Problem statement –
Write the full listing out again, keeping every line exactly as it is.

Exercise data –
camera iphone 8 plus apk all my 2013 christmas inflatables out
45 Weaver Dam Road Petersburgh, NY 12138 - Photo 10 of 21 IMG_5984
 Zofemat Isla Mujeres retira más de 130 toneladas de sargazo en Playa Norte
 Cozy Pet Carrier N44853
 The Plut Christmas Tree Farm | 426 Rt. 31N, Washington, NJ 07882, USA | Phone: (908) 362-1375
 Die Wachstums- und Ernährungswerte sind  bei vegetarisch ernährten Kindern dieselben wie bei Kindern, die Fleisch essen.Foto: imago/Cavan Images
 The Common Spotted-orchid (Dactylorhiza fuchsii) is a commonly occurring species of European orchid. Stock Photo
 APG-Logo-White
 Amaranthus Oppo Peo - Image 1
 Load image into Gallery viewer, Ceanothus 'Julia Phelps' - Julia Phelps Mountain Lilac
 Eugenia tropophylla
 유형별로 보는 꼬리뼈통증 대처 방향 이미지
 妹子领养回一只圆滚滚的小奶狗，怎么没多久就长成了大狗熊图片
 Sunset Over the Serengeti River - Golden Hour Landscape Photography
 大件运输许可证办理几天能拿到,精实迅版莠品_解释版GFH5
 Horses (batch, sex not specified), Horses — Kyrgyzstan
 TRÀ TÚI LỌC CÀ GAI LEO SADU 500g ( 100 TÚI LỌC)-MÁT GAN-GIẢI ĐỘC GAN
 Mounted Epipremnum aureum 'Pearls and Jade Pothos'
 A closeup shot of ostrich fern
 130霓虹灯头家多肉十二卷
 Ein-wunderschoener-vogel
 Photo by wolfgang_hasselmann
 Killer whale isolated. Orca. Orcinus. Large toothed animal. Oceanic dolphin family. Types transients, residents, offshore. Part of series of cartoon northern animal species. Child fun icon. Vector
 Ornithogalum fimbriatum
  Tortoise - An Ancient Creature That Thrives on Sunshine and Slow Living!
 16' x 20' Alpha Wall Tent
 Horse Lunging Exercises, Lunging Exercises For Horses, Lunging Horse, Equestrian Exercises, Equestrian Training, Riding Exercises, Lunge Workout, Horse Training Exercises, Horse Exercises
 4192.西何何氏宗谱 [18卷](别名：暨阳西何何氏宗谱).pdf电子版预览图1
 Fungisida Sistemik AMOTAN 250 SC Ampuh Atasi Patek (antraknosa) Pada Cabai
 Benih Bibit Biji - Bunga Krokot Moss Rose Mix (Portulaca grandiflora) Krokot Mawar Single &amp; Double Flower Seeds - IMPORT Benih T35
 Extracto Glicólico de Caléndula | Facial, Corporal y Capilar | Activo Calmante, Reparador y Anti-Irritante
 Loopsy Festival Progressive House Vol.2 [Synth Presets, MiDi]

Answer to this problem –
camera iphone 8 plus apk all my 2013 christmas inflatables out
45 Weaver Dam Road Petersburgh, NY 12138 - Photo 10 of 21 IMG_5984
 Zofemat Isla Mujeres retira más de 130 toneladas de sargazo en Playa Norte
 Cozy Pet Carrier N44853
 The Plut Christmas Tree Farm | 426 Rt. 31N, Washington, NJ 07882, USA | Phone: (908) 362-1375
 Die Wachstums- und Ernährungswerte sind  bei vegetarisch ernährten Kindern dieselben wie bei Kindern, die Fleisch essen.Foto: imago/Cavan Images
 The Common Spotted-orchid (Dactylorhiza fuchsii) is a commonly occurring species of European orchid. Stock Photo
 APG-Logo-White
 Amaranthus Oppo Peo - Image 1
 Load image into Gallery viewer, Ceanothus 'Julia Phelps' - Julia Phelps Mountain Lilac
 Eugenia tropophylla
 유형별로 보는 꼬리뼈통증 대처 방향 이미지
 妹子领养回一只圆滚滚的小奶狗，怎么没多久就长成了大狗熊图片
 Sunset Over the Serengeti River - Golden Hour Landscape Photography
 大件运输许可证办理几天能拿到,精实迅版莠品_解释版GFH5
 Horses (batch, sex not specified), Horses — Kyrgyzstan
 TRÀ TÚI LỌC CÀ GAI LEO SADU 500g ( 100 TÚI LỌC)-MÁT GAN-GIẢI ĐỘC GAN
 Mounted Epipremnum aureum 'Pearls and Jade Pothos'
 A closeup shot of ostrich fern
 130霓虹灯头家多肉十二卷
 Ein-wunderschoener-vogel
 Photo by wolfgang_hasselmann
 Killer whale isolated. Orca. Orcinus. Large toothed animal. Oceanic dolphin family. Types transients, residents, offshore. Part of series of cartoon northern animal species. Child fun icon. Vector
 Ornithogalum fimbriatum
  Tortoise - An Ancient Creature That Thrives on Sunshine and Slow Living!
 16' x 20' Alpha Wall Tent
 Horse Lunging Exercises, Lunging Exercises For Horses, Lunging Horse, Equestrian Exercises, Equestrian Training, Riding Exercises, Lunge Workout, Horse Training Exercises, Horse Exercises
 4192.西何何氏宗谱 [18卷](别名：暨阳西何何氏宗谱).pdf电子版预览图1
 Fungisida Sistemik AMOTAN 250 SC Ampuh Atasi Patek (antraknosa) Pada Cabai
 Benih Bibit Biji - Bunga Krokot Moss Rose Mix (Portulaca grandiflora) Krokot Mawar Single &amp; Double Flower Seeds - IMPORT Benih T35
 Extracto Glicólico de Caléndula | Facial, Corporal y Capilar | Activo Calmante, Reparador y Anti-Irritante
 Loopsy Festival Progressive House Vol.2 [Synth Presets, MiDi]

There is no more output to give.